More Normal, Less Foreign

So then, you are no longer foreigners and strangers, but you are fellow citizens with the saints and members of God’s household.
— Ephesians 2:19

It’s a rescue and a resettlement. Immigration and adoption are two scriptural metaphors that frame our understanding of discipleship to formation.

First, immigration is a change of citizenship. A person leaves one authority, identity, and culture for another. The old has passed away. All things have become new (2 Cor. 5:17). The person begins a lifelong cultural orientation—making this new identity and new life more normal, less foreign.

Adoption is similar. A child is embraced by a new family; given a new authority, a new identity, and a new culture (John 3:3-7). Over time, the child’s new identity and the new family’s culture become more normal, less foreign. Again, a process of cultural orientation.

In each case, the person has been given their new identity and new culture before they have adapted to it. Others help them adapt, but they participate too. They train into a new way (1 Cor. 9:24-27, 1 Tim. 4:6-10). Applied spiritually, this new home isn’t totally unfamiliar. It’s the home we have been longing for all our lives but have never seen. Now in Christ, we’re given a foretaste—we are introduced to our new selves and new way of life. And we watch for the day when our exile in this world will end—when we will know fully, just as we have been fully known (1 Cor. 13:12).

We can see that Christian discipleship is more than just praying ‘the sinner’s prayer’, memorizing Bible verses, and completing a prescribed set of studies. Discipleship begins with our rescue from the ‘domain of darkness’ and our transfer to (new citizenship in) the kingdom of God’s Son (Col. 1:13-14). It’s being embraced as God’s children and being made heirs of his kingdom (Rom. 8:14-17). It’s the life-long process of making Kingdom life more normal, less foreign. In fact, our new identity and new culture become so real to us that we can serve as ambassadors of God’s kingdom to the world we ‘left’ (2 Cor. 5:20). While still very much a part of Creation—with its joys and struggles—we are now ‘in the world’ but not ‘of the world’ (John 17:1-26). We live surrounded by the patterns of this world, but are being trained in the patterns of God’s kingdom (Rom. 12:2).

This way of discipleship was modeled by Jesus with his disciples. He invited them into relationship with himself. For three years, Jesus revealed himself to them. He talked constantly about what his kingdom is like and described those who would inhabit his kingdom. And he had them participate with him in Kingdom activity.

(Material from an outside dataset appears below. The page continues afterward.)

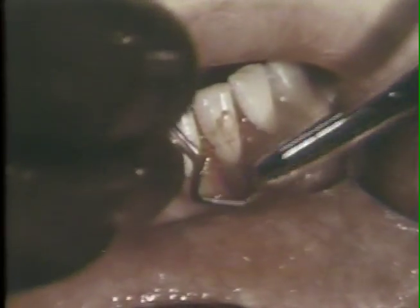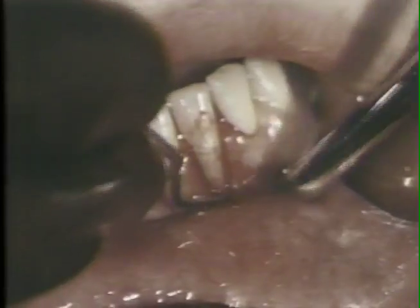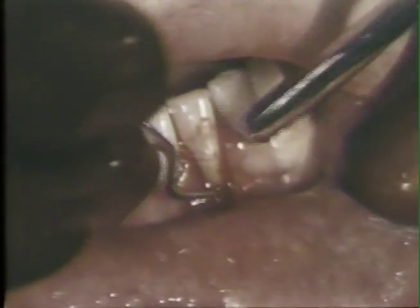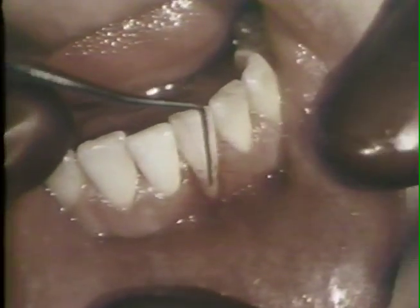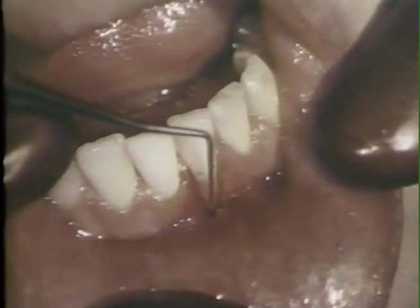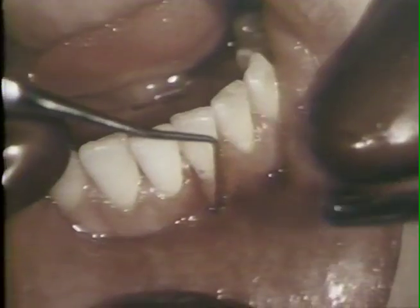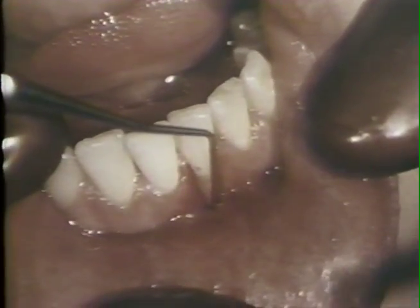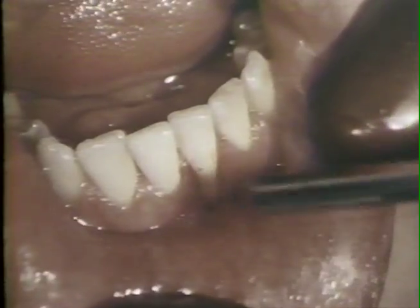The root surface is also curetted to remove surface accretions and to eliminate some of the labial protrusion of the root. The denudation of the root in the curetted area extends three millimeters apically to the mucolabial fold and nine millimeters apically to the cementoenamel junction.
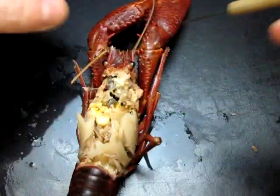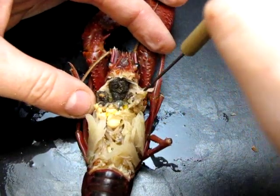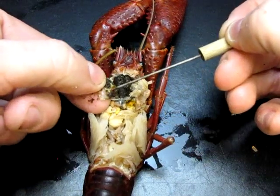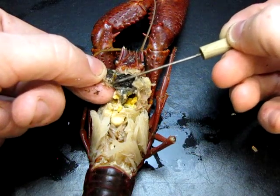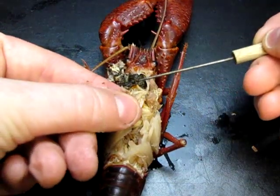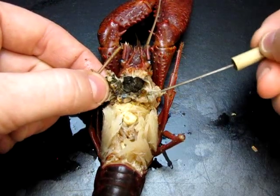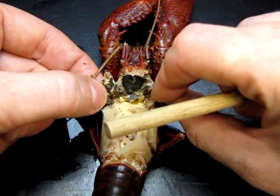I wanted to point out something interesting about the inside of the stomach. If you dig a little, you can see these pointy, tooth-like hard chitinous structures — one here and one on the other side. Those are called gastric teeth. They are contained inside the stomach and are involved in some mechanical digestion, so some grinding of food.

This is how our new identity and our new culture become more normal, less foreign; increasingly ‘Kingdom-normal’. Together, we gather around Jesus, our new King. We discover what he is like and what his kingdom is like. We see who we are in Christ. And we practice Kingdom activity. This is discipleship: training ourselves and others to be trained by Christ.

Come, let us bow down. Let us revere him.
Let us kneel before the Lord our Maker,
for he is our God,
and we are the people of his pasture
and the flock in his hand.
— Psalm 95:6-7
Know that the Lord is God.
He made us, and we are his.
We are his people, the sheep of his pasture.